Value for Money
Choosing the right maintenance program for your operations
By Bill de Decker
Aircraft maintenance is expensive. On average it consumes about 25 percent of the total budget and for many operators, it is the largest single budget item. And that does not take into account any lost revenue from maintenance down days (about 25 days per aircraft per year, according to a recent survey we did) or the fixed costs that are incurred every day regardless of whether the aircraft flies or not. You would think that with so much money involved, operators, manufacturers and overhaulers would pay much more attention to this subject. And maybe the picture is slowly changing as aircraft are becoming more and more of a business tool and operators are insisting on getting better value for their money.
One way to get better value is to get higher utilization. One operator we know who was happy to fly 500 hours per year per aircraft some years ago now aims for (and gets) 750 hours per year. More than a thousand hours per year is no longer a rarity. The results of a recent survey of 233 operators show that just over 8 percent of these operators fly 750 hours or more per year per aircraft. And recently I read where a Citation operator flew over 1,500 hours per year on his aircraft. Higher utilization spreads the fixed annual costs over more hours and also can eliminate the need for more aircraft. Another way is to spend less for maintenance parts and services. Other than more use of competitive purchasing, this approach requires the help of the manufacturers and vendors. Three interesting approaches, each with a high potential for reducing costs are:
1. Continuous airworthiness maintenance programs
2. On-condition engine maintenance
3. MSG-3 maintenance concept
Continuous airworthiness maintenance programs
Continuous airworthiness maintenance programs, also known as progressive maintenance programs, take the existing scheduled inspections and divides them into small pieces, each of which can be accomplished in a short period of time. For example, a 100 hour inspection, which normally takes 80 manhours and 5 days, might be divided into 10 pieces, each of which takes 2 technicians 4 hours. This allows enough time each day to accomplish the inspection, fix any squawks found and button the aircraft up in time for the next day's flying. This approach does not decrease the cost of the inspection. In fact, it may increase it somewhat. However, the advantage is that instead of the aircraft being down for 5 days for this inspection, it is available each day for flight. In general, this approach to maintenance is used for all airframe inspections except the heavy maintenance ones ('C' inspections, '96-month' inspections, '12,000-hour' inspections, etc). Most of the airframe manufacturers now provide such progressive maintenance schedules and they are a great way to increase availability. In fact, the survey I mentioned at the beginning of this column showed that about half the operators use some sort of progressive maintenance schedule and their availability is measurably better than those that use regular maintenance schedules.

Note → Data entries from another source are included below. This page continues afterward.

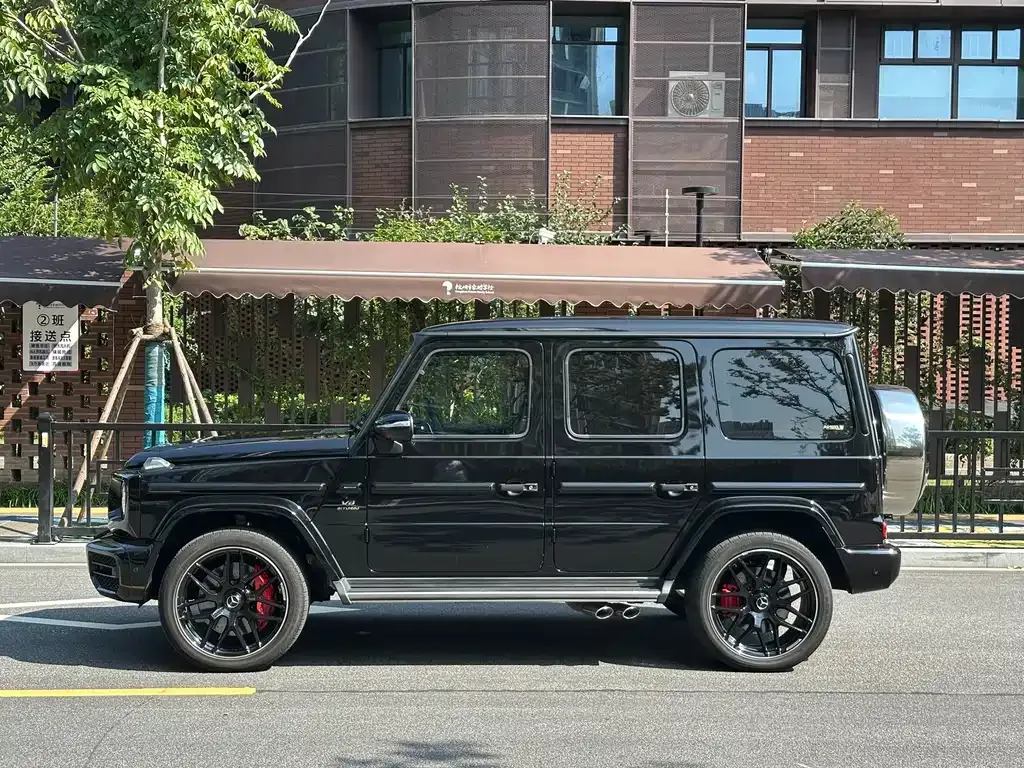 Mercedes-Benz G-Class AMG — фото 6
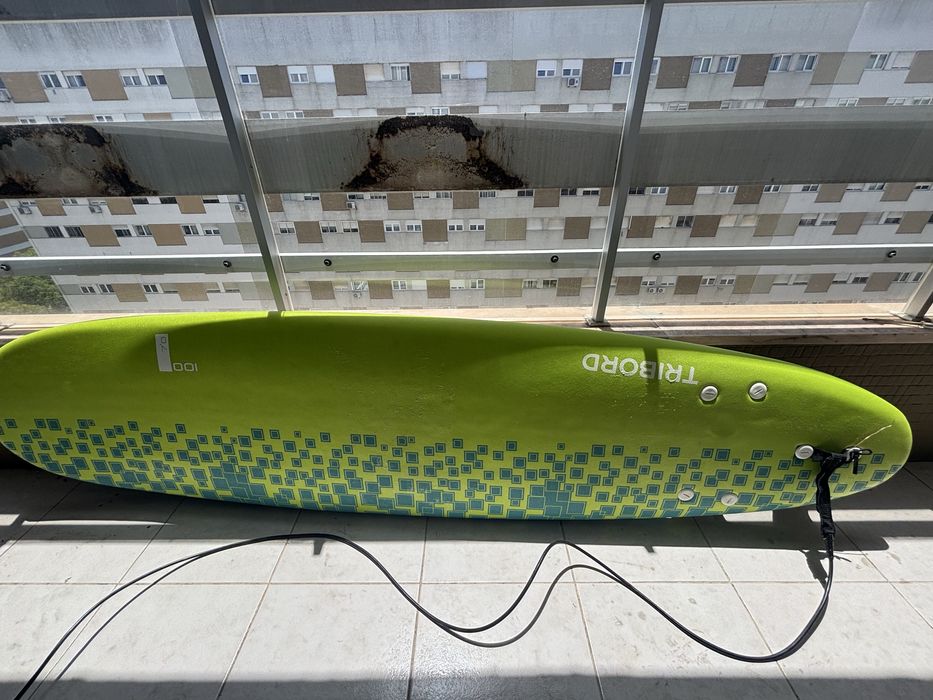 Prancha de Surf Espuma Tribord 100 7'0'' (Ideal para Iniciantes)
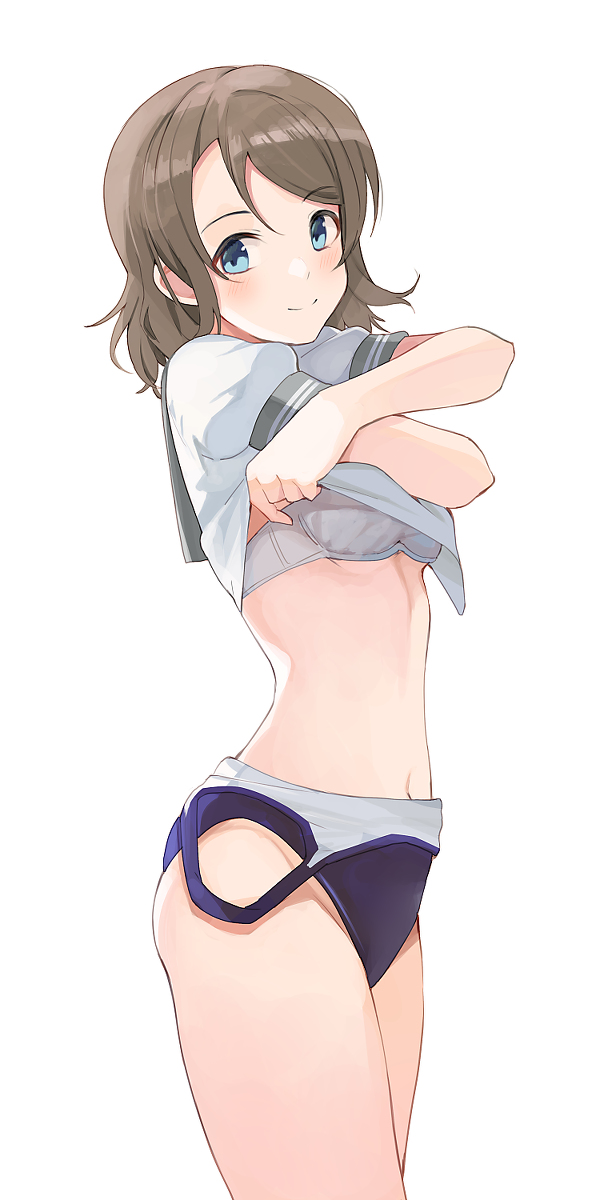 This is a pixiv picture whose title is 渡辺曜.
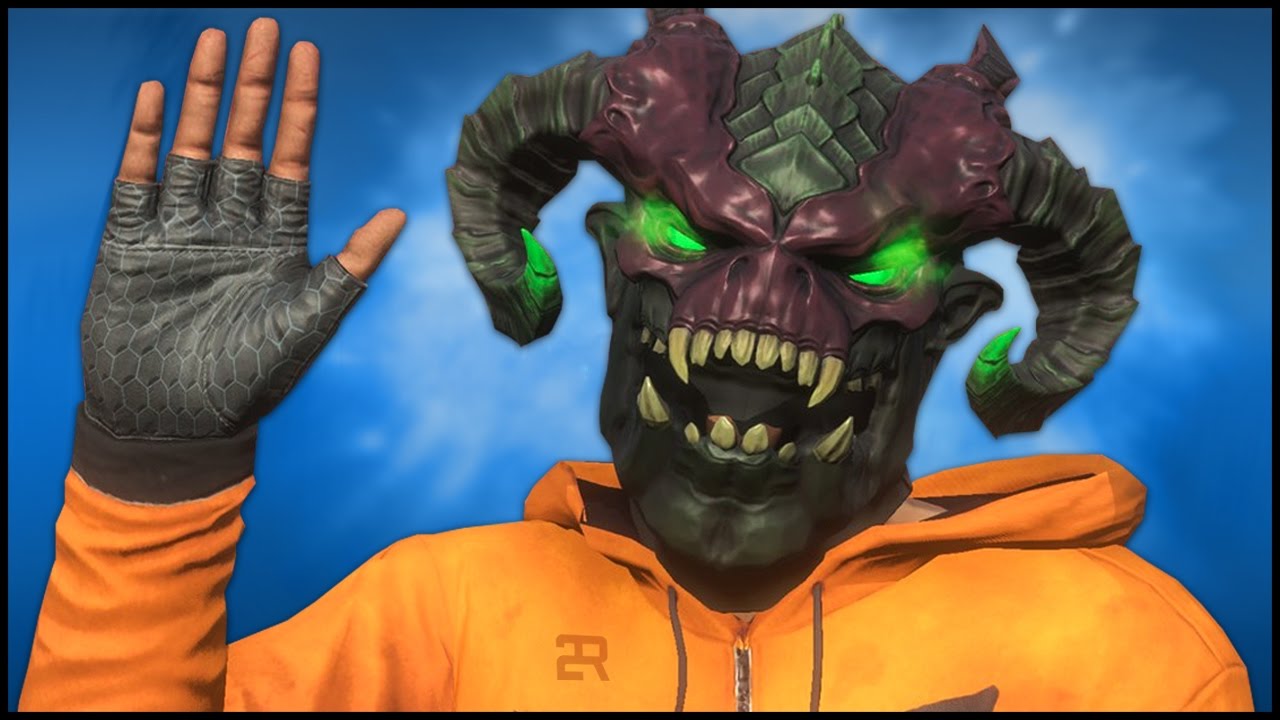 ULTRA RARE DEMON MASK UNBOXING! (H1Z1 KOTK Infernal Crate Opening)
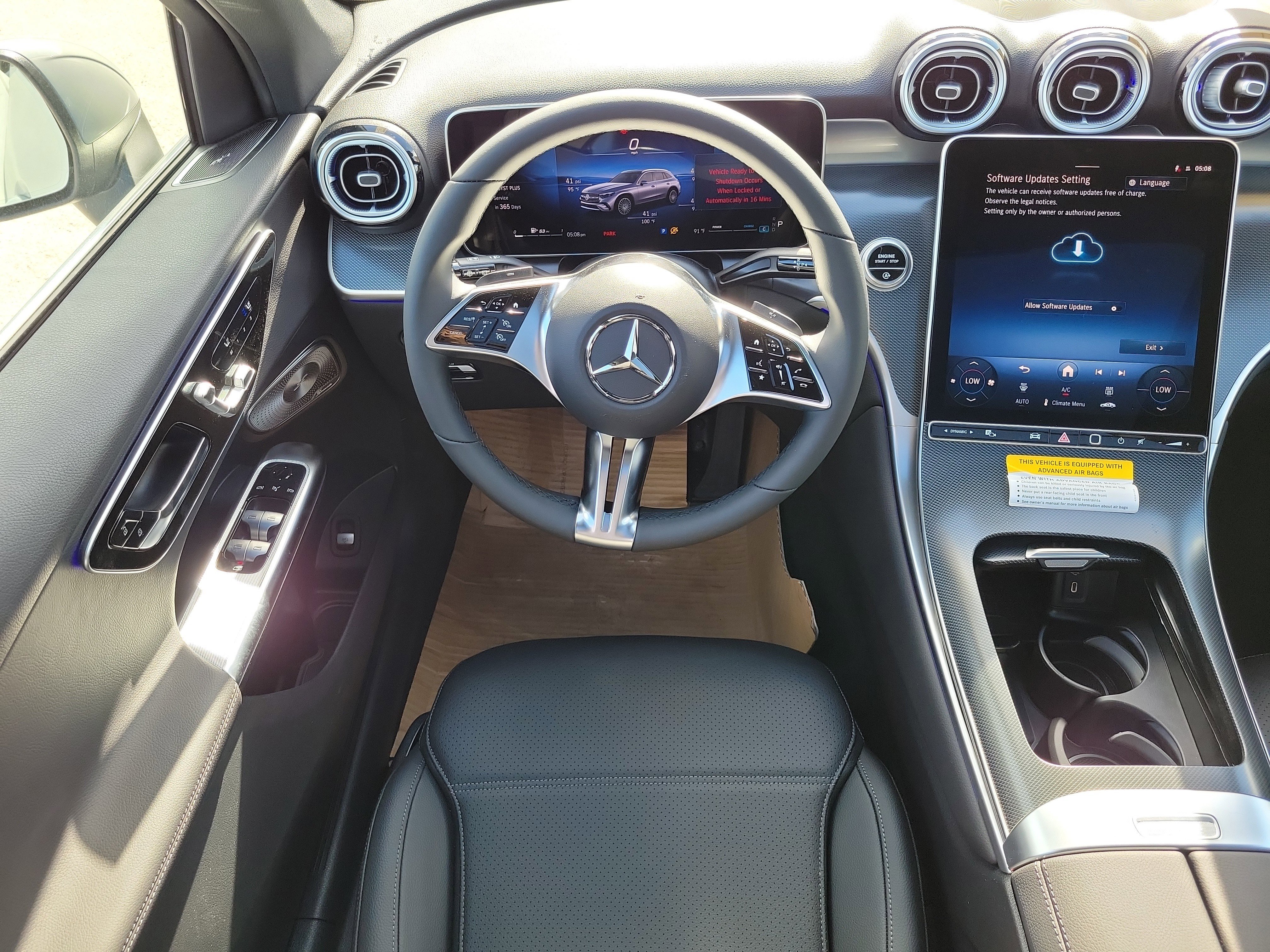 New 2026 MANUFAKTUR Alpine Grey Mercedes-Benz GLC 300 image 13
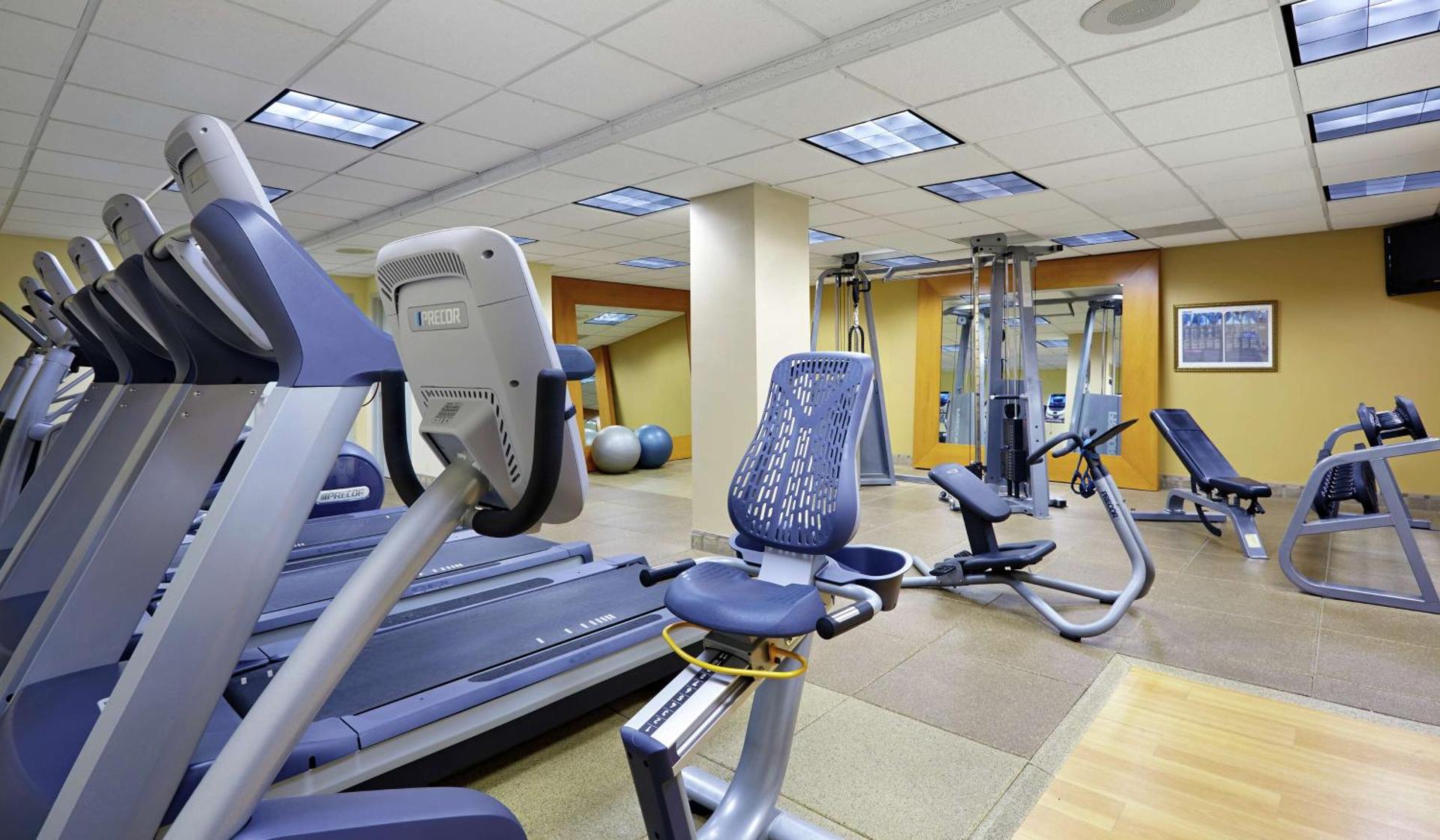 Fitness centre/facilities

On-condition engine maintenance
Almost all airframe component maintenance is "on-condition." In other words, a component doesn't get taken apart until there is something wrong with it. Not so engines. Every so many hours, you have to take a perfectly good engine and send it off to have a hot-section inspection or an overhaul done on it. Even if there is nothing wrong with the engine, it still has to be taken apart, all the components must be examined and then the whole thing is put back together, tested in the test cell and returned to you. Airlines stopped doing this with their engines long ago. Instead, they use various combinations of power trend monitoring and borescope inspection to avoid taking the engine apart until there actually is the beginning of a problem. Historically, the engines used for corporate aircraft have not had the benefit of this "on-condition" engine maintenance. Slowly that is changing, which is good, since the potential savings are very large. For example, there is one engine in use on corporate aircraft that uses on-condition maintenance. Its heavy maintenance allowance is 40 percent of the maintenance cost of its predecessor that uses a regular "hard time" heavy maintenance schedule.